Un momento di "Mishima"
Un momento di “Mishima”

Doppio appuntamento con la danza nel Museo Ferroviario di Pietrarsa. Il primo, Mishima, The garden of forbidden dreams è l’omaggio che Ismael Ivo (coreografo quasi napoletano d’adozione, ha qui creato la compagnia Les Danseurs napolitains) rende al grande poeta, drammaturgo e saggista, giapponese morto facendo harakiri. L’altro è invece con il lavoro del napoletano Paco Dècina Précipitations.

Per Mishima (il 16 e il 17 giugno nell’Arena) il brasiliano ha creato un’installazione coreografica. “Yukio Mishima – afferma Ivo – è un artista che, come Antonin Artaud, Pier Paolo Pasolini, Jean Genet, Robert Mapplethorpe – si è impegnato a fare della propria arte un documento della sua vita, del suo tempo, della sua esistenza. Un elemento fondamentale della sua poetica è l’ossessiva ricerca di “bellezza”. Per lui la bellezza è qualcosa che quando viene toccata, brucia le mani”. Ad un poeta maledetto un moderno, sensibile, creativo coreografo dedica la sua ultima opera con l’originalità (ci auguriamo) che ha caratterizzato le precedenti Le Sacre du printemps e Sacrificium. Sulla scena, ricoperta di riso a ricordare un giardino zen giapponese, s’incontrano e scontrano i danzatori su musiche che spaziano da Arvo Pärt al gruppo nipponico dei Kodò passando per Richard Wagner. Una celebrazione rituale tra alba e tramonto, tra vita e morte. In scena, come ballerino ospite, Khải Ngọc Vũ.

Precipitations
Precipitations

Précipitation di Paco Dècina (15 e 16 nella Sala dei 500) è una coreografia in tre quadri e può essere letta come l’esplorazione di tre stati, di tre territori artistici (legati dalla musica del percussionista Christian Lété) nei quali trio, duo e solo si succedono grazie a otto danzatori in scena. Nella prima parte, tre danzatori si appropriano dell’instabilità di un mondo in cui vi sono solo domande, incertezze, trasformazioni e al ritmo di variazioni musicali, si ritrovano, si rincontrano e si riscoprono come “la prima volta”.

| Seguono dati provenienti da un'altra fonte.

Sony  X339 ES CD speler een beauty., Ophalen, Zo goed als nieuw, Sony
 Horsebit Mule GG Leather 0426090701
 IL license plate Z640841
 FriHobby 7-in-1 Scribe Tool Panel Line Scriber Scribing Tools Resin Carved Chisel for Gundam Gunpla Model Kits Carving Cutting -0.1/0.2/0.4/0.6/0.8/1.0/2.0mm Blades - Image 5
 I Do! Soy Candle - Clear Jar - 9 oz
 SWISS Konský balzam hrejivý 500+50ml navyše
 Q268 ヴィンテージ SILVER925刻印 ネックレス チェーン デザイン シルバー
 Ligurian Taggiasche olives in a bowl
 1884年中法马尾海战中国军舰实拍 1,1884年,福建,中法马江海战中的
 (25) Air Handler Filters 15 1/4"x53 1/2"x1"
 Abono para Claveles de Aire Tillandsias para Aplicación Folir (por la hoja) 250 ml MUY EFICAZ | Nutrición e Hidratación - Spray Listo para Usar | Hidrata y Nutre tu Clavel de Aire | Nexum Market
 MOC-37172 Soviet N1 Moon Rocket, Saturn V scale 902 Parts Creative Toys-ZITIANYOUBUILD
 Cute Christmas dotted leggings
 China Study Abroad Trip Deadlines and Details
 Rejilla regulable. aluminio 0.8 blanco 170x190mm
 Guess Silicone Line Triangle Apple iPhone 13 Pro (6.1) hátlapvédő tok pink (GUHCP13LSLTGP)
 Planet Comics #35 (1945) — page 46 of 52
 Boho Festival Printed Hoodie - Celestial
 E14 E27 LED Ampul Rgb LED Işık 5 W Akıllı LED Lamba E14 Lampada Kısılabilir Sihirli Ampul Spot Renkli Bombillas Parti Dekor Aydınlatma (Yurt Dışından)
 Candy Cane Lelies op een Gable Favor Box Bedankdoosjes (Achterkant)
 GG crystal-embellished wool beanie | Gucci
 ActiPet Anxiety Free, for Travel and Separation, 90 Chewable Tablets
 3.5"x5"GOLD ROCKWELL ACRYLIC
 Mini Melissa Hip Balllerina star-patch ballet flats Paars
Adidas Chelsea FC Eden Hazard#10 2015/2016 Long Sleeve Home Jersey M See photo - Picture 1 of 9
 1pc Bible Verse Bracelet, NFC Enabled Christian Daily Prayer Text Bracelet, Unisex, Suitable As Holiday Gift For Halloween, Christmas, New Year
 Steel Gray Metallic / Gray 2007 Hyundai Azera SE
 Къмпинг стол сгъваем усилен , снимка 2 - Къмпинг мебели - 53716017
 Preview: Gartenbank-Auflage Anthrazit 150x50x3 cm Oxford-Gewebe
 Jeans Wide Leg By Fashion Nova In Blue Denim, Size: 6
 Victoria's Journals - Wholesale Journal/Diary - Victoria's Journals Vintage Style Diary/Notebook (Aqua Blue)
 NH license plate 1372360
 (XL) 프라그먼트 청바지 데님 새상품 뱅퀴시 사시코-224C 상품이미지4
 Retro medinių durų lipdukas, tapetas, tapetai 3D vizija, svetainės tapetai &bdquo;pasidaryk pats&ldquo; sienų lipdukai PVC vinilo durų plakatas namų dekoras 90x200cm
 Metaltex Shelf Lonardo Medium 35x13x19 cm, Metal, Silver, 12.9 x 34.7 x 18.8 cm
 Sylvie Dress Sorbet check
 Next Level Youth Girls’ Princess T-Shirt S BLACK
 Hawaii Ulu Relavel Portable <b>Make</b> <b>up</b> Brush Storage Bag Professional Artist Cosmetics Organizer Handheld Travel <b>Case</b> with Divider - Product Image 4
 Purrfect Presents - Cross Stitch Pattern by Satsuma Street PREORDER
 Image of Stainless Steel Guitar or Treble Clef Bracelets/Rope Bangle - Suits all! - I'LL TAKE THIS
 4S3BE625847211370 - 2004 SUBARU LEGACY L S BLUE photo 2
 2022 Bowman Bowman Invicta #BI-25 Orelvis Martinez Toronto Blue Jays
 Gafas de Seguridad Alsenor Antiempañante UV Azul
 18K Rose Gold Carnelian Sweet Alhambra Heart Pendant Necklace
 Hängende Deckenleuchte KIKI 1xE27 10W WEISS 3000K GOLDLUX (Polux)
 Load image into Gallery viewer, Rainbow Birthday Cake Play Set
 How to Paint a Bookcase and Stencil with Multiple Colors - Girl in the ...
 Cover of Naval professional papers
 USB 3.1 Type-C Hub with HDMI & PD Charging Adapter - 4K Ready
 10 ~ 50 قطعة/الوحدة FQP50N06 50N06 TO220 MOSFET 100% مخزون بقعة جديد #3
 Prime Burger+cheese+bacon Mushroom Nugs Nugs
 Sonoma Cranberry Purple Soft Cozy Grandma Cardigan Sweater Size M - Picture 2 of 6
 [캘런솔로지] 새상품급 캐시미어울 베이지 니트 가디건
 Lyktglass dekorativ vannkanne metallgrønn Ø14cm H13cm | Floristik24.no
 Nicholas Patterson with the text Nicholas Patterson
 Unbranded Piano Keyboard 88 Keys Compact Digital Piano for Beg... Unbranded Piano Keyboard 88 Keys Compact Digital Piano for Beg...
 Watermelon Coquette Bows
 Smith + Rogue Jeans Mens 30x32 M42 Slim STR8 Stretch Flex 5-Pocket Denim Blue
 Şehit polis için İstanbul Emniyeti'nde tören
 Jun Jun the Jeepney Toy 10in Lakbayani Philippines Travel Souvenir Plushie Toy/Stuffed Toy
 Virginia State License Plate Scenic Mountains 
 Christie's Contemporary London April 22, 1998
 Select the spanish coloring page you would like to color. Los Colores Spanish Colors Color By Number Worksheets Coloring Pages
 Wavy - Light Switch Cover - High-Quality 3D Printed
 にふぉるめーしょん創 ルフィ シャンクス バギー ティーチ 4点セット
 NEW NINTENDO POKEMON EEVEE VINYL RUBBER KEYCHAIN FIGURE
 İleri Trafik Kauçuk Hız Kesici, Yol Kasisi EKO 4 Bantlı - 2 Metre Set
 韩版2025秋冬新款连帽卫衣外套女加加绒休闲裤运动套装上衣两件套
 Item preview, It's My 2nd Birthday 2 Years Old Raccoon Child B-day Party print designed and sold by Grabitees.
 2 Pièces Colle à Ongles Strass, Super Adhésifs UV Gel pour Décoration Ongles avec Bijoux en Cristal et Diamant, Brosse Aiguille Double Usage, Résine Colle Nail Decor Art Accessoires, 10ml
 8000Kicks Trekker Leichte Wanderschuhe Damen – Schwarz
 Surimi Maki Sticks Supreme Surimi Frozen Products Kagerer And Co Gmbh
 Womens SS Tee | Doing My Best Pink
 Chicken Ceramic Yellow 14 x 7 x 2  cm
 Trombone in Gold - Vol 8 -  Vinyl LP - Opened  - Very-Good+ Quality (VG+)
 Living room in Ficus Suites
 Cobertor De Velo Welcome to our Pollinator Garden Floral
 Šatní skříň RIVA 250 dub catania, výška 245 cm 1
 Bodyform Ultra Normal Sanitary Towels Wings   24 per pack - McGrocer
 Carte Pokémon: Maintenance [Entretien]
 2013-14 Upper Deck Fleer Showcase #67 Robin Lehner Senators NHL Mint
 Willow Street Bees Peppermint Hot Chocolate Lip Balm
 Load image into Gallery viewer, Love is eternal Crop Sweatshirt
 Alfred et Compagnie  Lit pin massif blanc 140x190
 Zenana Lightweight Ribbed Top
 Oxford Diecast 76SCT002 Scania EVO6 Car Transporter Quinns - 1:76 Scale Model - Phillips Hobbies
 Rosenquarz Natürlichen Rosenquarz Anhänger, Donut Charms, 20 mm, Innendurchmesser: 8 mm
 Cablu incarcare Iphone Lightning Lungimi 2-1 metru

Nella seconda parte, un’installazione scenica di Laurent Schneegans, un gigantesco pendolo che scandisce le oscillazioni del teatro fa sì che il tempo si insinui nel corpo dei danzatori e lentamente conviva fino alla sparizione. Al centro della terza parte c’è un dispositivo video che, al servizio della danza, le permette di manifestarsi in tre dimensioni, mettendo in evidenza ciò che vi è di più essenziale nel movimento.

La scrittura di Dècina trascina lo spettatore al centro di un universo illuminato da bellezza serena e al tempo stesso folgorante, caratterizzato dalla sensualità degli intrecci quasi scultorei e dei gesti sospesi, che suggeriscono la mancanza di gravità.